The idea is to watercool the components that usually need active cooling (CPU and GPU), but a question has been growing in me... it would be enough with a tipical front/bottom to rear/top case airflow to cool NB, mosfets, RAM, and so on without any other active cooling over their heatsinks, when there's no CPU air cooler? I'm thinking in a case with for example 1 rear exhaust and 2 top exhaust fans. And what about having a big side intake fan in the chassis, blowing directly against the mobo? Should it make a difference even when they aren't the best option to make an optimal airflow through the case? Am I simply oversizing the problem and any case with a good airflow will be more than enough?

Lots of thanks for your help, and please, excuse any mistakes in the text, I'm not a native english speaker...:)
 
I have a system that has radiator bottom front & flows air (hot) through the case out top/ rear.

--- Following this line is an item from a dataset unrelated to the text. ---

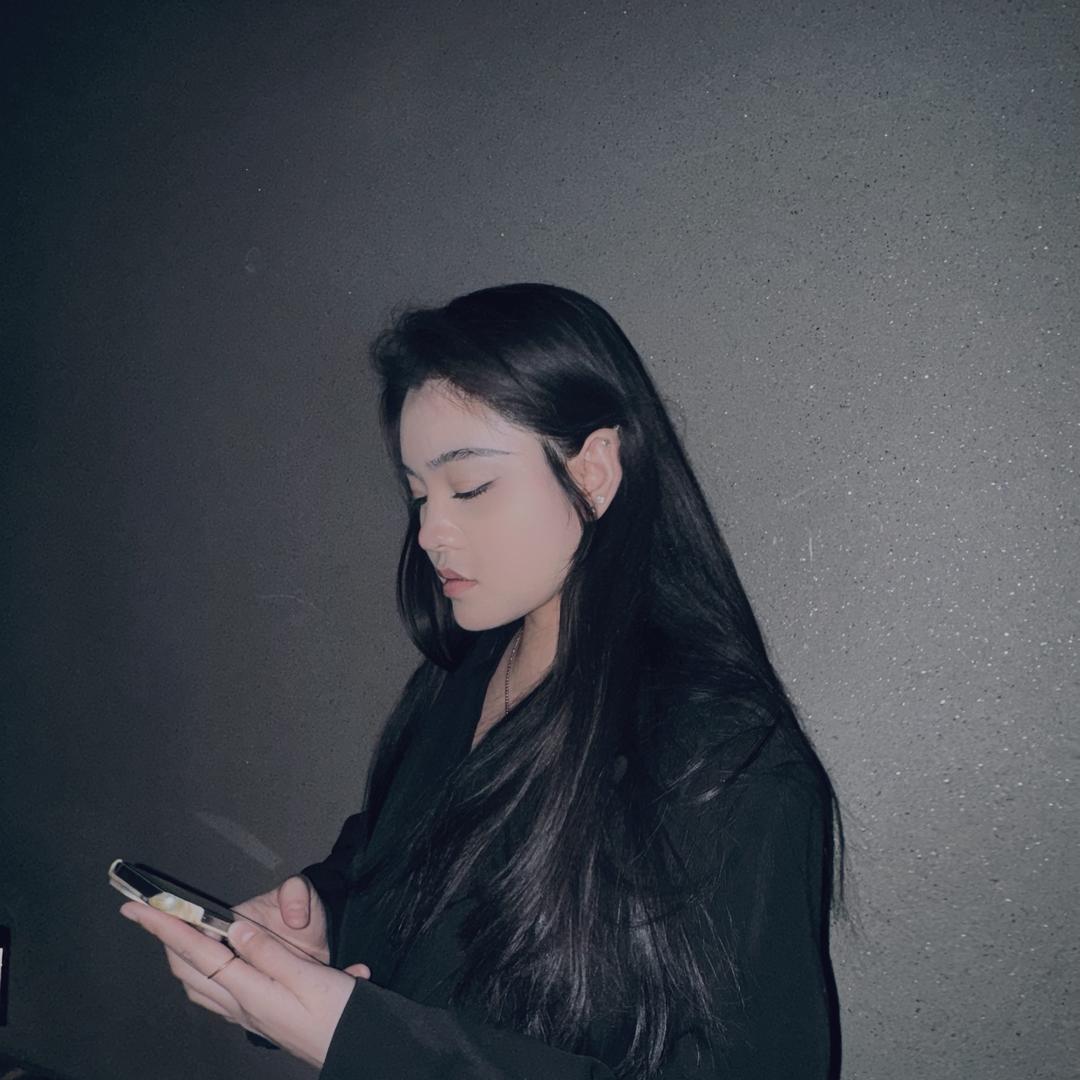 Nuyoah.M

Made the room it was in HOT.

I ended up adding a side case fan (72-100 cfm) to help with "system" temps and ram cooling.

It helped a lot.

PS- :welcome: & post up more often.

We always like peoples in put around here. :)
 
You still need good airflow in the case for the NB/SB/Mosfets. So standard fans are good, and one on the side panel is great. It all depends where you mount the rad. If on the bottom and a 120x3 rad blowing IN thru the rad into the case, most put all the top fans on exhaust. If its a top rad then exhaust at the bottom/back. Having the panel fan blowing in for cool air directly onto the Mobo, always a good idea. If a 120x2 rad, then you might still want one fan blowing cool air in, on the front maybe, the panel fan to IN, and the rest to out.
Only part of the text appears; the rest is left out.